Procedimentos de recuperação são considerados em pacientes entre 7 e 12 anos com a doença nos estágios III e IV e em todas as crianças maiores de 12 anos de idade. As opções de recuperação envolvem o acetábulo para recriar ou aprofundar a cavidade, ou visam melhorar a congruência entre as áreas de sustentação de peso alterando a orientação da cabeça do fêmur com uma osteotomia de valgus femoral. Porque o acetábulo é raso e malformado, o quadril recuperado não é revestido pela cartilagem articular e a parte lateral da cabeça do fêmur não é coberta. Nesses pacientes, a finalidade da cirurgia é criar uma base para a parte femoral de sustentação de peso.
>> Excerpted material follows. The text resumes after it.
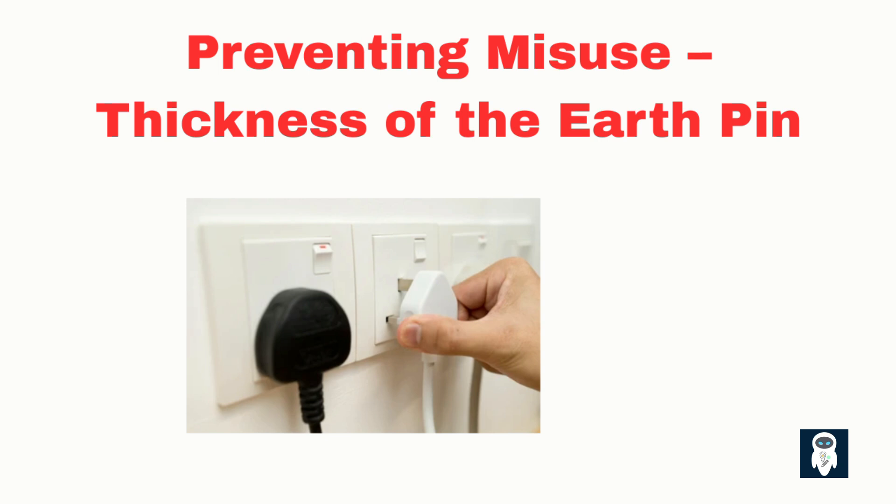Ever tried inserting a plug at an angle? You'll notice it doesn't go in. That's because the earth pin is also thicker than the others. Its thickness prevents the plug from being inserted incorrectly or at an angle, ensuring that the earth pin is properly aligned for the mechanism to work. The unique design of the earth pin serves as a safety feature, preventing potential accidents or malfunctions due to incorrect insertion. By requiring the correct plug to engage the mechanism, the earth pin operated shutters provide an added layer of protection against misuse or tampering.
Artroplastia tipo shelf e a osteotomia de Chiari são os 2 procedimentos acetabulares mais comumente realizados para recuperar a articulação do quadril com ou sem a adição da osteotomia femoral. Osteotomia de Chiari é uma opção de recuperação adequada em crianças mais velhas com potencial de remodelagem muito pequeno. Artroplastia de shelf é empregada na doença grave para evitar uma subluxação e melhorar a cobertura acetabular, embora não existam evidências.[74]
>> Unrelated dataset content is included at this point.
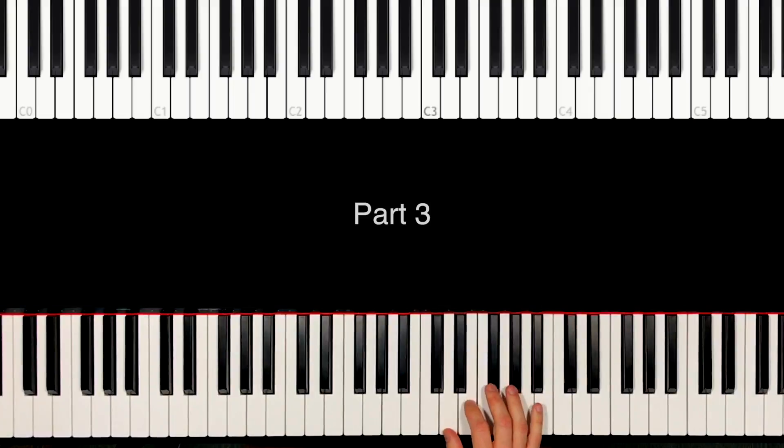Now we go from D till F sharp, then D and E. Then we have some chords. Okay, that's the melody. So again, all together — same, same, but short A, back to D. And our last melody. Okay, that's it — this is the melody.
A acetabuloplastia de shelf fornece um desfecho de Stulberg bom ou favorável quando realizada nos estágios iniciais de Perthes (estágios I e II) como uma cirurgia de contenção, mas desfechos menos favoráveis foram observados quando a cirurgia de shelf foi usada para fins reconstrutivos e de recuperação na doença de Perthes tardia (estágios III e IV). Deve-se tomar cuidado ao realizar o procedimento de shelf em crianças com mais de 10 ou 11 anos.[75][Figure caption and citation for the preceding image starts]: Contenção cirúrgicaDo acervo pessoal de Jwalant S. Mehta, MS (Orth), MCh (Orth), FRCS, FRCS (Orth) [Citation ends].
Artroplastia de quadril
Estima-se que 50% dos quadris não tratados desenvolvem artrite debilitante na sexta década de vida. A mecânica de um quadril sintomático pode ser devidamente restaurada com uma artroplastia de quadril, com desfechos funcionais semelhantes àqueles em pacientes submetidos a artroplastia de quadril em decorrência de osteoartrite primária, embora o índice de revisão no acompanhamento em médio prazo seja discretamente maior.[76] Os fatores decisivos essenciais para uma artroplastia de quadril são a incapacidade e os sintomas, e esse procedimento só é realizado após a maturidade esquelética. As técnicas de artroplastia de quadril estão em constante evolução. Atualmente, são usados componentes cimentados ou não cimentados. As reposições de superfície não são adequadas devido à deformidade da cabeça femoral.